Elle remarque un signal étrange sur une des cartes numériques. Il lui faudra, tout à l’heure, aller inspecter les parcelles au sud de son exploitation. S’agit-il d’une attaque cryptogamique ? Caroline veut en avoir le cœur net, mais elle en doute puisqu’elle utilise, depuis longtemps, des semences génétiquement optimisées, résistantes à la plupart des maladies – mieux, ces végétaux disposent d’un amidon enrichis en acides aminés. Ses clients recherchent ces blés car les consommateurs en sont friands pour leur santé. Elle pense que l’alerte est simplement due aux blés mycorhizés qui donnent cette réponse spectrale atypique… Sur place, son œil d’agronome saura bien comprendre ce qu’il se passe.

Tous ses capteurs lui permettent de surveiller en permanence le millier d’hectares, les six cents vaches laitières et les six cent truies de l’ensemble agricole qu’elle cogère en alliance avec plusieurs associés. Elle exploite en propre 300 hectares, mais il y a longtemps qu’elle les a mis en commun avec quatre autres agriculteurs. Passionnée de culture, c’est elle qui prend les décisions pour le collectif. Paul, son copain d’école, dispose quant à lui de 400 hectares. S’il participe aux travaux, il fait une confiance totale à Caroline pour prendre seule les décisions techniques. En revanche, il s’occupe intégralement de la commercialisation et des achats pour le groupe.. Il a gardé, de son précédent métier, le flair et le talent du négociateur et Caroline apprécie de ne plus avoir à s’en occuper.

Il y a vingt ans, Caroline élevait, avec son compagnon, cent vaches laitières. Plutôt que de changer la salle de traite qui était devenue vétuste, ils ont alors fait le choix de confier leur troupeau à la société laitière montée par deux agriculteurs de la commune voisine. Aujourd’hui, elle ne regrette pas ce choix, les parts qu’elle détient dans cette société lui ayant permis de diversifier son exploitation tout en bénéficiant des compétences de Pierre, responsable de l’atelier lait. Caroline valorise ainsi les cinquante hectares de pâtures de sa ferme. Elle peut aussi suivre, en temps réel, la situation du troupeau. Les bolus ingérés par les vaches indiquent la température et le pH de la panse. Grâce aux semences sexées, l’élevage produit chaque année uniquement les 120 génisses nécessaires au renouvellement ainsi que 480 animaux croisés race à viande vendus en broutards.

Caroline est tellement satisfaite du système qu’il y a dix ans, au lieu de reprendre des terres qui se libéraient à vingt kilomètres, elle a préféré avec son compagnon, qui depuis a changé de métier, investir, dans la porcherie montée par trois éleveurs, à quelques encablures de leur ferme. Cela lui permet de transformer une partie de ses céréales qui seront directement consommées par les porcs, elle qui n’y connaît rien en production porcine.

Avant d’aller faire son tour de plaine, Caroline regarde une dernière fois son dossier pour le lendemain.

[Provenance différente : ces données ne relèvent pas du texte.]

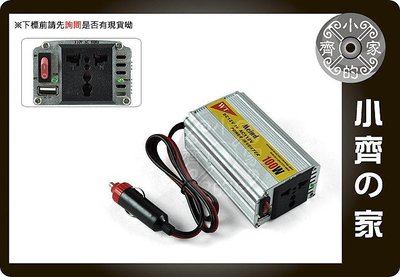 小齊的家 100W DC 12V TO AC 110V 點煙器 車用電源轉家用電源 直流轉交流 電源轉換器 NB筆電車充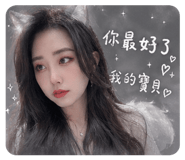 842661309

Une journée capitale où elle reçoit ses actionnaires pour leur présenter les résultats de l’année écoulée et ses projets pour l’année suivante. Il y a en effet longtemps qu’elle n’emprunte plus pour investir mais fait appel à l’épargne d’investisseurs tout en prenant bien soin de garder le contrôle de son entreprise. Elle détient aujourd’hui, avec son compagnon, 40% du capital et aucun actionnaire ne peut détenir plus de 5% des parts – cela figure d’ailleurs en clair dans le pacte d’actionnaires.

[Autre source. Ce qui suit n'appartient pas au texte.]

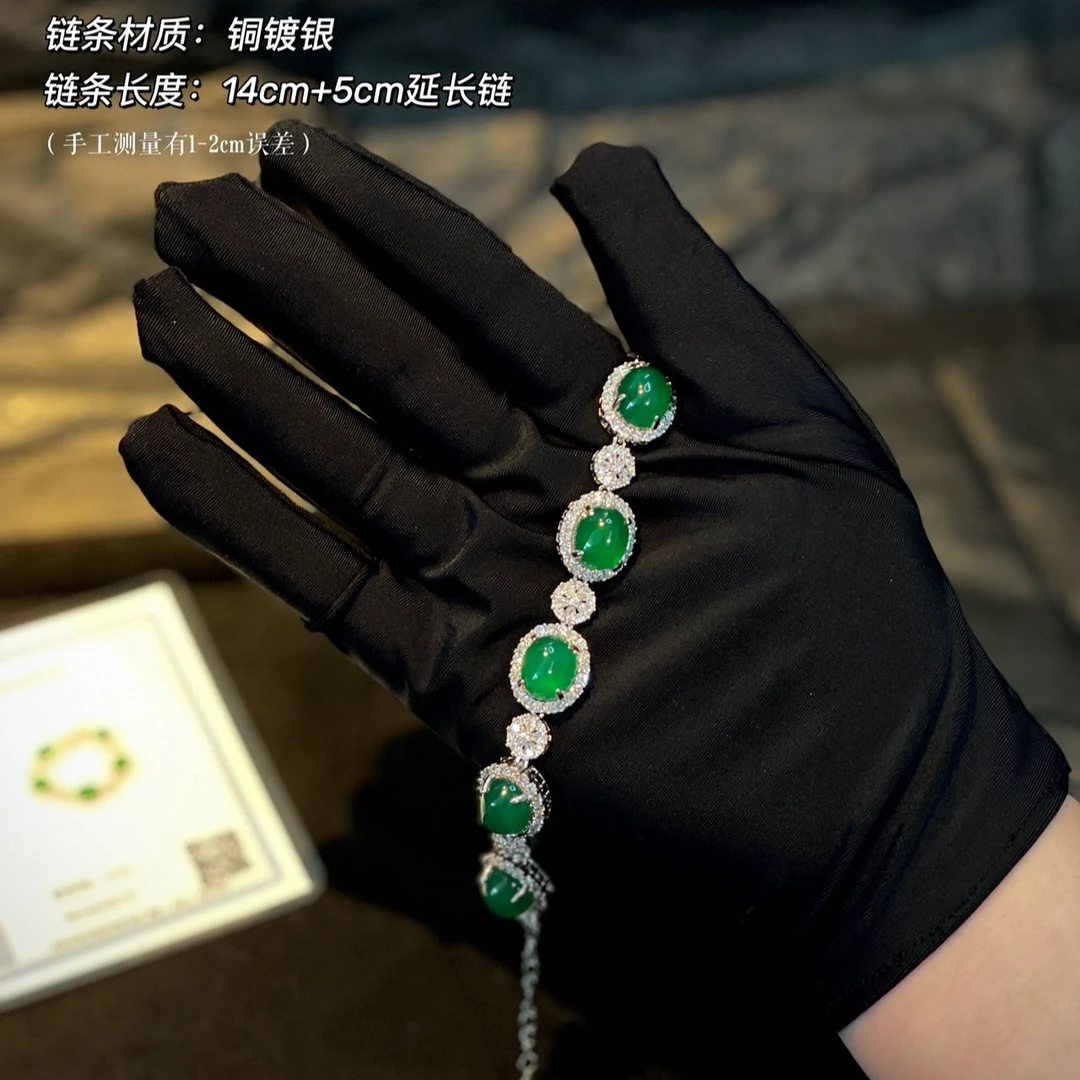 合金手链 【天邑严选】绿意连连06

Heureusement, son téléphone intelligent lui rappelle qu’elle doit se presser pour ne pas arriver en retard au déjeuner prévu avec son grand ami Kevin. Il est agriculteur dans le village voisin, dans une microferme, comme il en existe des centaines dans la région. Kevin travaille beaucoup à la main sur ses 5 000 m2 conduits en permaculture extrêmement intensive. Il transforme un peu mais vend l’intégralité de sa production en direct. Leurs exploitations sont comme le jour et la nuit, mais la passion de l’agronomie et le respect du vivant les animent tous les deux et fondent leur amitié.